To neorealists, both states and firms are seen as an anarchy as a result of a lack of absence of overall, centralised, power. According to Waltz, the international system, is a system of “self-help” (Waltz, 1979) as there is no hierarchical entity to solve any given disputes between them. The claim that states as an anarchy in an international system does not imply that the state is disordered and chaotic, but implies that there is no overall world government to control disputes outside organisations such as the United Nations. As a result of no overarching body governing over the world, stability and security is ensured within international relations, proving that states in the international system are, in fact, anarchic in structure in terms of the international system.

An current example to explain how neorealists liken states to firms is the power and security struggle between America and Russia in comparison to successful worldwide banks and PayPal. Both examples hold self-interest, with no respect to losses of internal or external entities. Countries such as America and Russia turn over millions into military survival (George and Sandler, 2018), regardless of the overall general risk. Banks protect themselves by taking anarchic risks in the threat of losing their raison d’etre in generating profit for their shareholders, in comparison to internet based banking firms.

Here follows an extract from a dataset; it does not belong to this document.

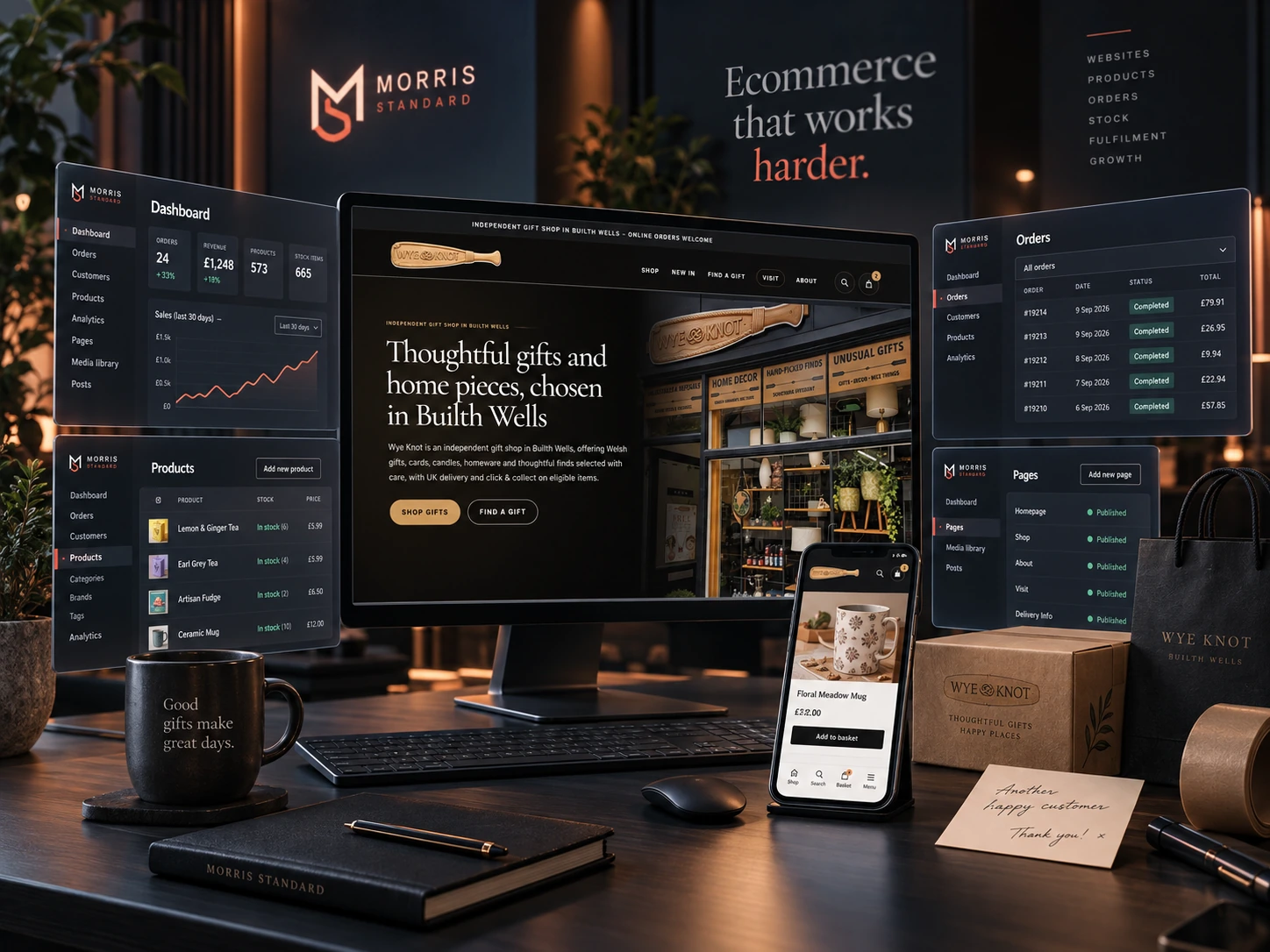 Ecommerce web design in Mid Wales shown through the Wye Knot storefront with product, stock, order and fulfilment administration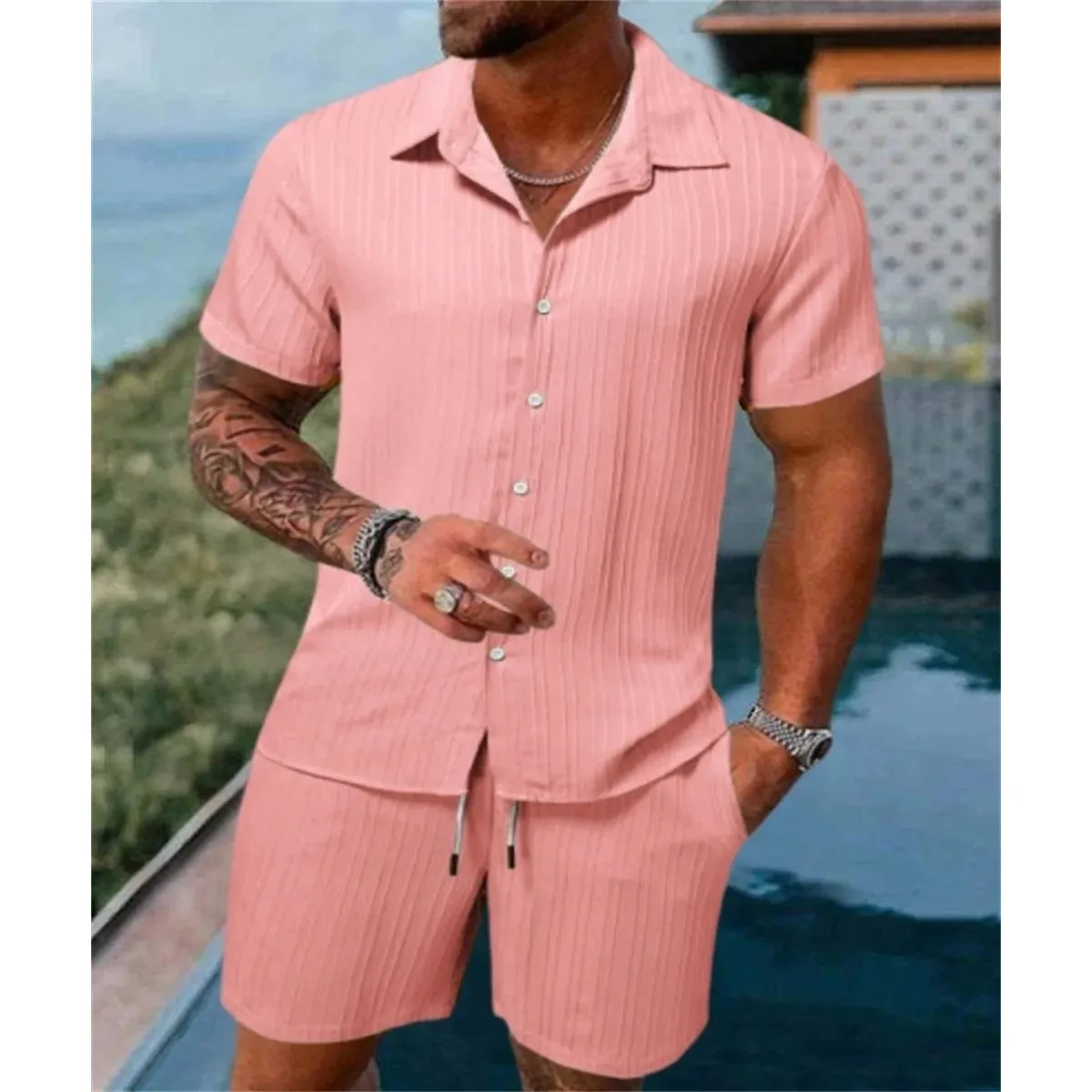 

Men's Summer Faion Sports Fitn Casual irt Sve Length 7 Autumn Seasonal Other Brand Clothing Set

Regarding polarity, states in international systems and capitalist firms relate in that both are more successful under bipolarity. Within states, the stability of bipolarity is far more efficient than a multipolarity international system as the two primary powers hold the self-interest of maintaining the system and creating fewer conflicts, because if conflict arose, it will create risks, lowering national interest and security. The key is to maintain the rationality in a bipolar system to reduce the quantity of triggers that hold the potential to arise and later cause disruption within the international system (Lechner, 2017). Multipolarity hold tendencies to operate in a more difficult manner as there are more states involved resulting in effective communication and intentions to be put at a higher potential of risk across the board. Likened in a capitalist market, bipolarity tend to be more successful when less firms are involved. A hierarchy is necessary in order to keep the top multinational corporations at the top of the ladder, rather than a universal liberal concept of all receiving the exact same benefits. An example to put bipolarity in use is Karl Marx’s theory in which there are the two majority classes, the bourgeoisie and the proletarians (Marx and Engel, 1848). In this case, the bourgeoisie were the capitalist market and the proletariats as the majority working class. Essentially it is the world’s system theory between these two classes and in order for one to survive, the alternative class must not succeed in their motives. This is likened to the concept in which states and firms are compared and similarly perceived by neorealists.

In conclusion, states within the international system resemble firms in a capitalist society with regards to their structure in anarchy, the need for self-survival in a bureaucratic manner and both holding bipolarity in its manner of being run in order to generate capital, power and longevity. A current example of states likened to firms, is the power battle between the United States of America and Russia in comparison to banks and PayPal as an online example, through the lens of neorealism.